ANC working on 'unwanted tendencies'
Pretoria - The ANC's political school was the answer to "unwanted tendencies" within the ruling party, political subcommittee chairperson Tony Yengeni said on Thursday.
Speaking as the African National Congress's leadership attended a three-day political school in Centurion, Yengeni said the school would become a way of life for members.
"It will decrease unwanted tendencies [in how members work and live] and [ensure that] all members are guided by the principles, values and objectives of the ANC."
Yengeni said the political school would soon be a prerequisite for party members and leaders. Those who were "deployed" would be required to go through the programme to learn what the ANC stood for.

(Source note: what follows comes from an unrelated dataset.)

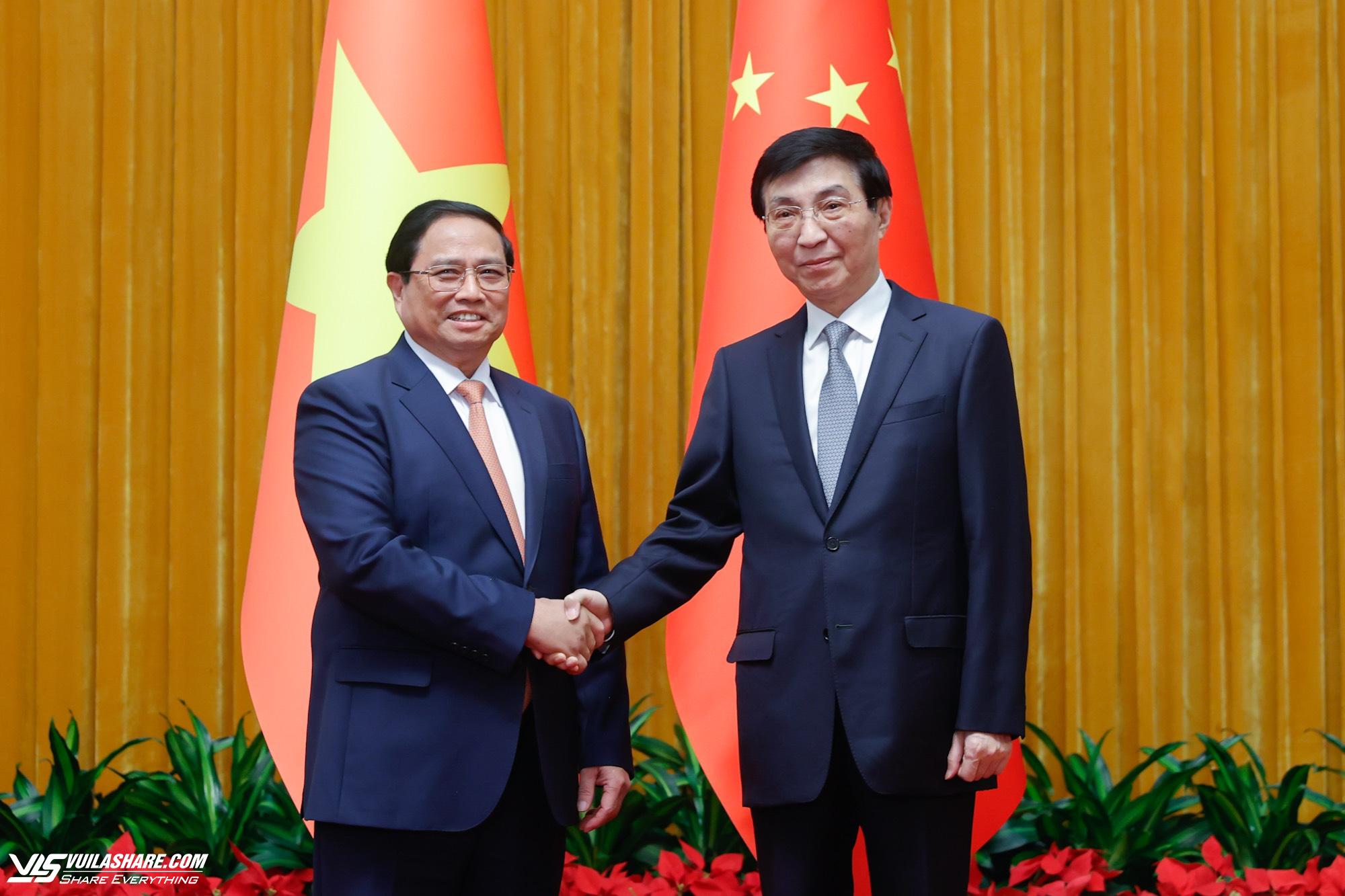 Thủ tướng Phạm Minh Chính hội kiến Chủ tịch Chính hiệp Trung Quốc Vương Hộ Ninh- Ảnh 1.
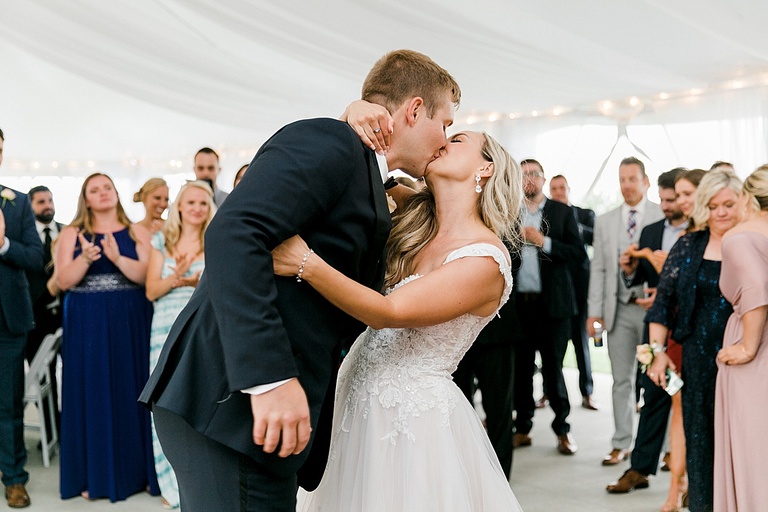 A bride and groom kissing after their first dance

"It will ensure that individual members have their political consciousness increased, so that you know how to behave as a member, and as a leader and you know how to lead."
Asked how the political school could have helped expelled ANC Youth League president Julius Malema, Yengeni - reportedly a Malema supporter - said he was not qualified to comment on disciplinary issues.
However, he said it would benefit members and arm them with skills to distinguish between right and wrong.
"It is extremely important, especially for members coming into the ranks, so there's no excuses given later that 'I didn't know'," he said.
"You should know the wrongs and rights. They are all spelt out in the constitutions and in various policy documents of the ANC."
Yengeni said individual members, including those from the ANCYL, would be obliged to attend the political school to learn about the party's history, policies and constitution. Those who stepped out of line would be given individual attention.
ANC leaders would be educated on the party's history and made to understand its relationship with the league.
During Malema's disciplinary hearing he and other league officials argued the league was autonomous, while ANC leaders emphasised it could not be separated from the ANC. P
resident Jacob Zuma said on February 23 that the league was not a "spare wheel", but an integral part of the ANC.
On Wednesday night, the ANC's national disciplinary committee announced Malema had been expelled from the ruling party.
His secretary-general Sindiso Magaqa and spokesperson Floyd Shivambu were suspended. They had two weeks to appeal the decision. In a brief statement on Wednesday, the ANC said it accepted and respected the decision to expel the firebrand youth leader.
Malema, who was recently referred to as the "chief commander of economic freedom", was found guilty of sowing division in the ANC and of bringing the organisation into disrepute.